Mexico a Global Benchmark for NissanThu, 09/01/2016 - 11:33
Q: How is Nissan balancing its manufacturing operations across its locations?
A: Nissan Mexicana is the top producer in Mexico with four production lines. We accounted for 26 percent of the country’s car production in the first half of 2016, producing 155 cars per hour. Our A1 plant in Aguascalientes is Nissan’s fastest production line worldwide with a capacity to manufacture 65 cars per hour on a single line. Together, Nissan’s A1 and A2 plants are producing one vehicle every 37 seconds. Besides final assembly, A1 also has a powertrain plant that completes one engine every 17 seconds for the cars produced in A1, A2 and Cuernavaca, Morelos, in addition to engine components that are exported mainly to Japan, the US and Brazil. We manufacture 11 different products in Mexico. The flexibility of our plants in Cuernavaca and Aguascalientes allows us to balance the production among both sites according to market tendencies in the US, Mexico and South America. Our products are exported to 30 different countries mainly in North and South America. In A1, we manufacture five different models, while the CIVAC plant produces six models including the New York Taxi and the NV200 that are not commercialized in Mexico.

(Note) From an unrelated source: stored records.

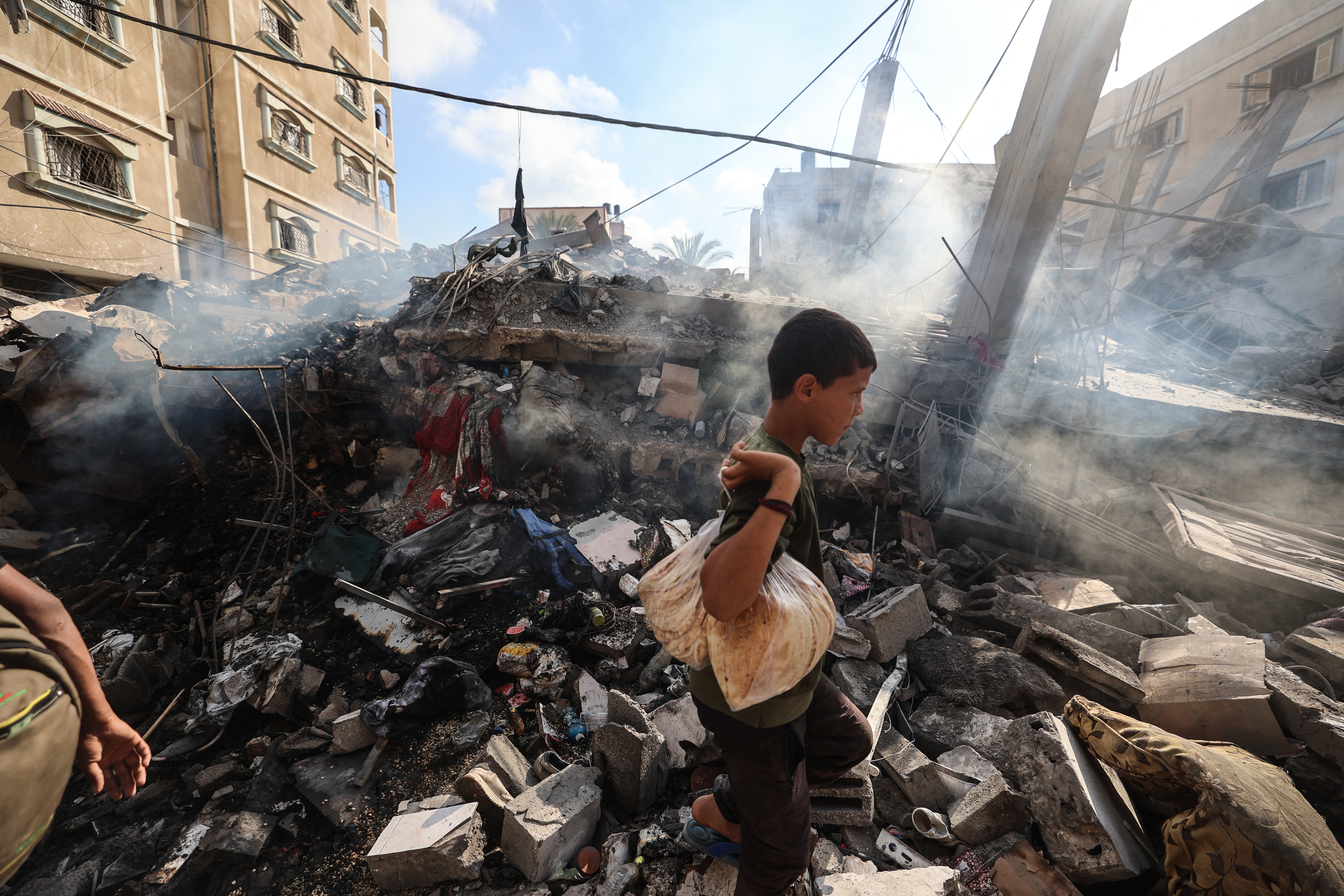 A Palestinian boy stands by the rubble of a residential building targeted overnight by an Israeli strike in Deir el-Balah in central Gaza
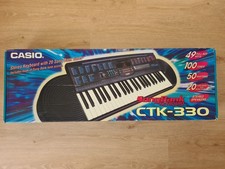 Casio CTK-330 Songbank Keyboard 49 Keys 100 Tones 550 Rhythms Portable Piano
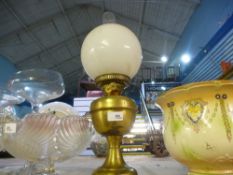 A vintage brass oil lamp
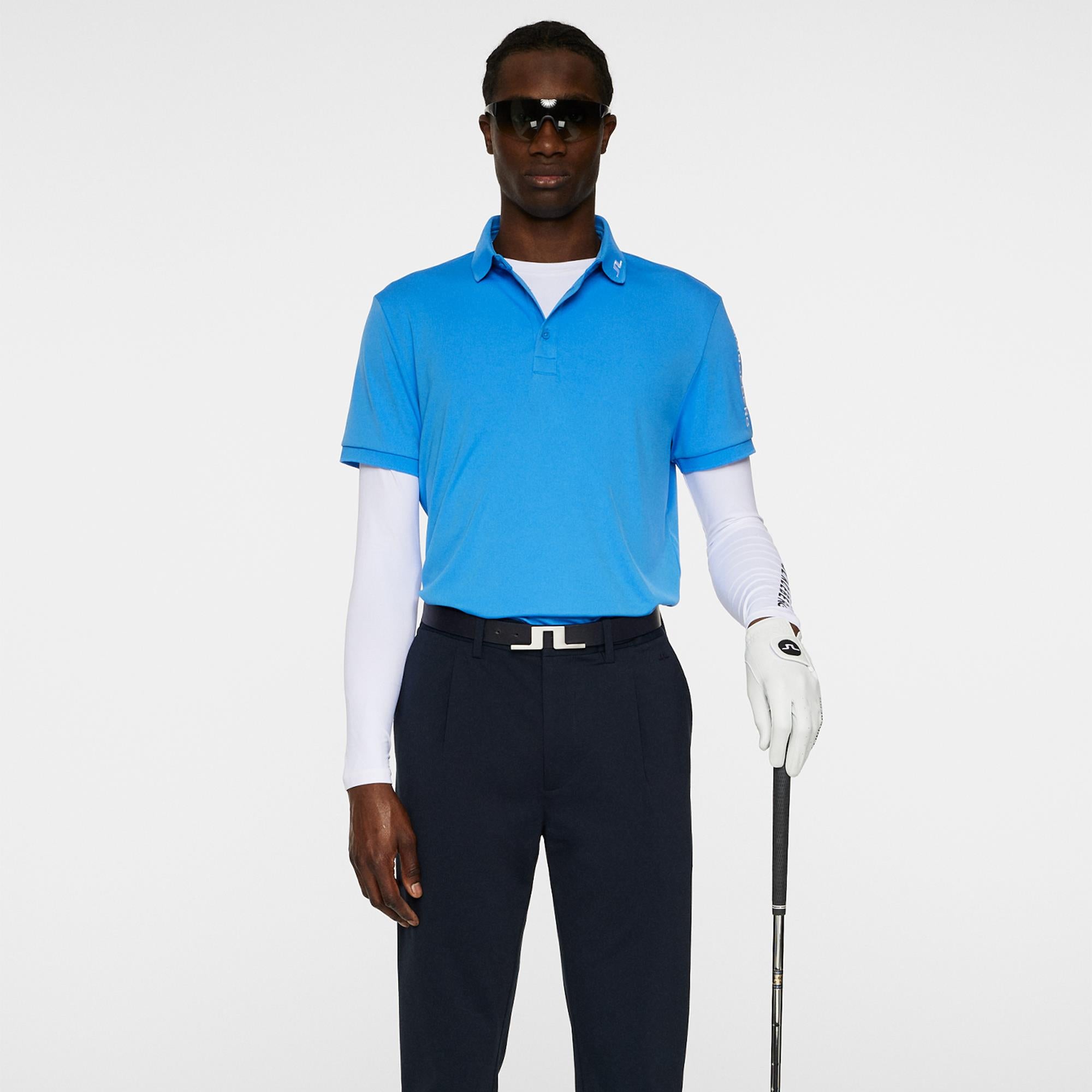 Model holding golf club wearing J.Lindeberg Tour Tech Men’s Polo – Sonic Blue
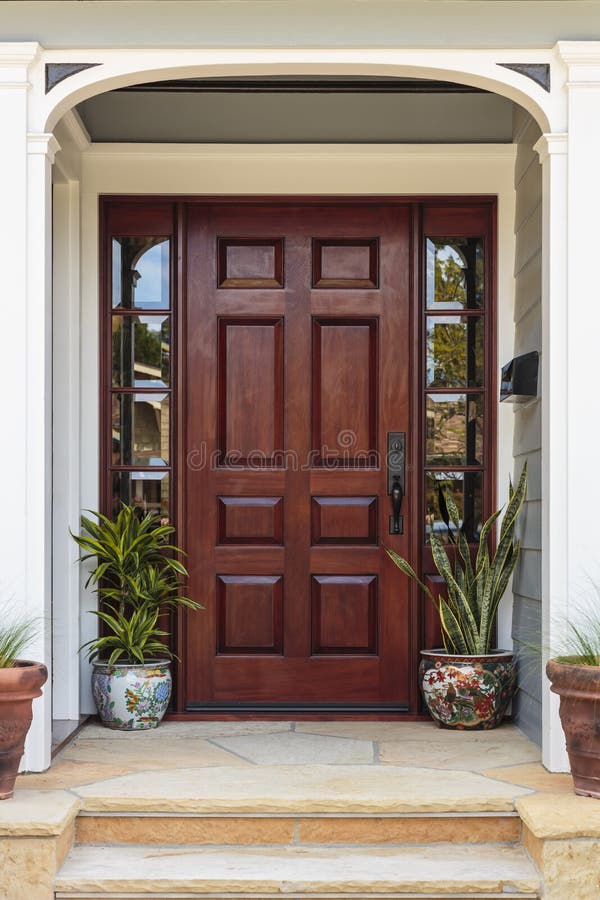 Front door, view of front door accented with plants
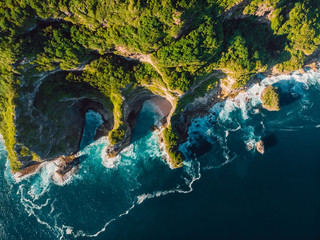 Amazing cliff, rocks and blue ocean with waves in Bali. Aerial view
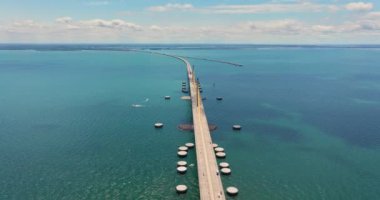 Florida 'daki Tampa Körfezi üzerinde Sunshine Skyway Köprüsü' nde araba sürüyor. Amerika 'da ulaşım altyapısı.
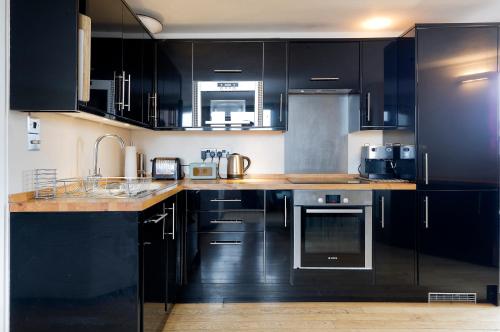 a kitchen with black cabinets and a counter top at ALTIDO Charming flat overlooking River Thames in London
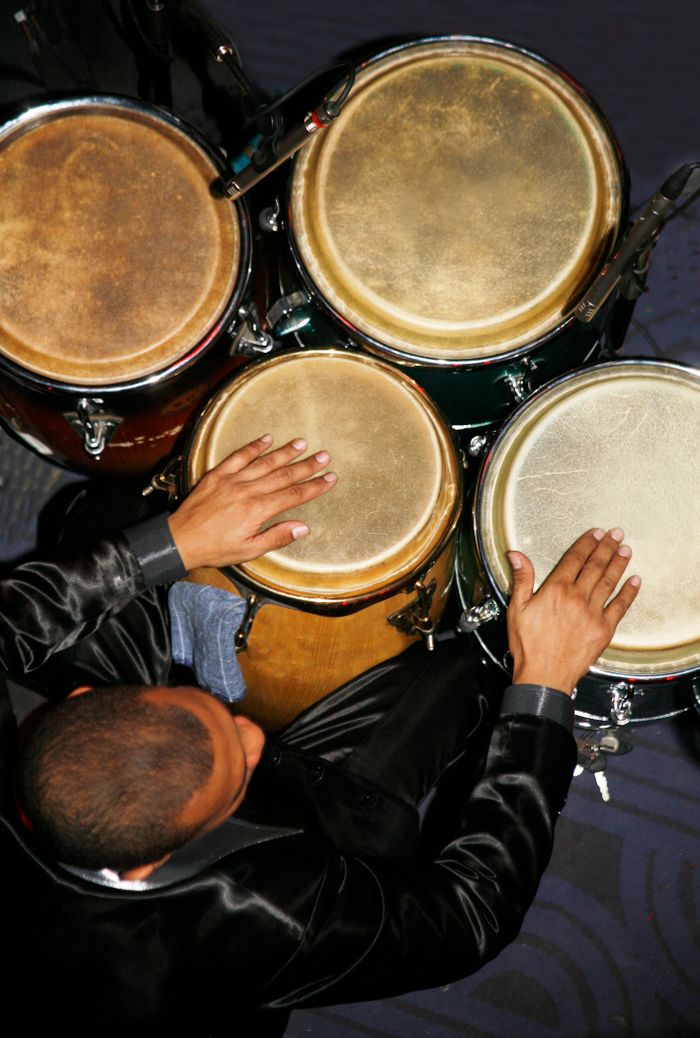 A man skillfully playing congas in an artistic top view, showcasing percussion talent.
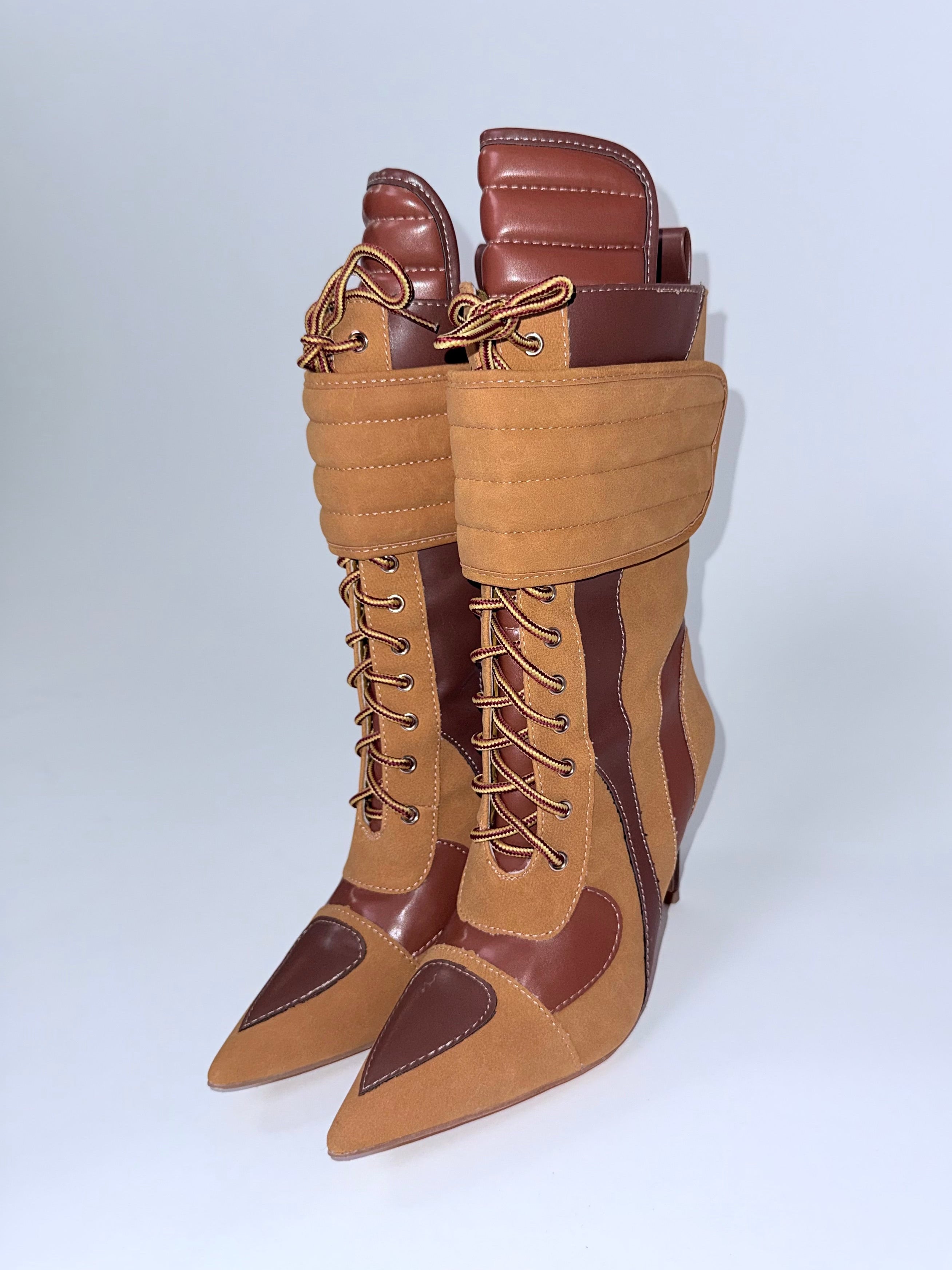 Tan and brown lace-up boots on a white background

Q: What infrastructure needs does Nissan Mexicana foresee to maintain operational growth?
A: Mexico is set to produce at least 5 million units in the next five years. Nissan will play an important role through its new Aguascalientes production site COMPAS that will start operations in November 2017, manufacturing premium vehicles for both Infiniti and Daimler. The government has increased road infrastructure but there is room for improvement due to new facilities in the area surrounding Aguascalientes. For the industry to continue growing, improving infrastructure needs to be a joint objective. Connecting key points by train such as Manzanillo, Colima; Aguascalientes; and Piedras Negras, Coahuila would mean shorter routes for production sites in Mexico and the US. Hence the importance of making connectivity a priority.
Q: How has the integration of Industry 4.0 procedures into Nissan Mexicana modernized and improved manufacturing, communication and connectivity?
A: Nissan Mexicana operations are based on the Douki Seisan system, which synchronizes our vehicle production, internal engine, stamped and plastic parts production, as well as the integration of parts from external suppliers. That helps us achieve high competitiveness in terms of inventory control, damaged material and highly accurate production times, synchronizing our vehicle shipments to all our dealers and the final customer.
Our whole production chain is integrated and connected. Since materials are shipped to site, we track their position and time of arrival. We keep track of imported components at all times to foresee probable interruptions on their way to the plant. Working intensively with our suppliers has allowed us to have the same language in terms of synchronization, supported by logistics training we give all our suppliers. Our Mexico operations are the international benchmark for the countries in which Nissan operates, with 99 percent precision in our production schedule. The automotive industry in Mexico offers an important investment opportunity and we want to make sure that our employees are ready to work through the constant innovations of the industry.
Q: What is Nissan Mexicana's approach to human capital development?
A: Nissan Mexicana is investing resources in training. The Nissan School program started in 2001 to attract specialized technicians and engineers. Students can develop a project within Nissan for six or 12 months, strengthening their academic background by following actual industry needs.
Q: What are the company’s sustainability objectives?
A: Our sustainability strategy is based on the global Nissan Green Program. Its main pillars are carbon footprint reduction, waste reduction, recycling and water consumption reduction. Over 50 percent of the energy used in our plants is clean and free of CO2, coming from renewable sources such as wind parks and biogas. We have reduced the CO2 emissions at our plants 57 percent since 2006, we recycle 100 percent of our waste and our water treatment plants allow us to reuse water for internal consumption in green and services areas.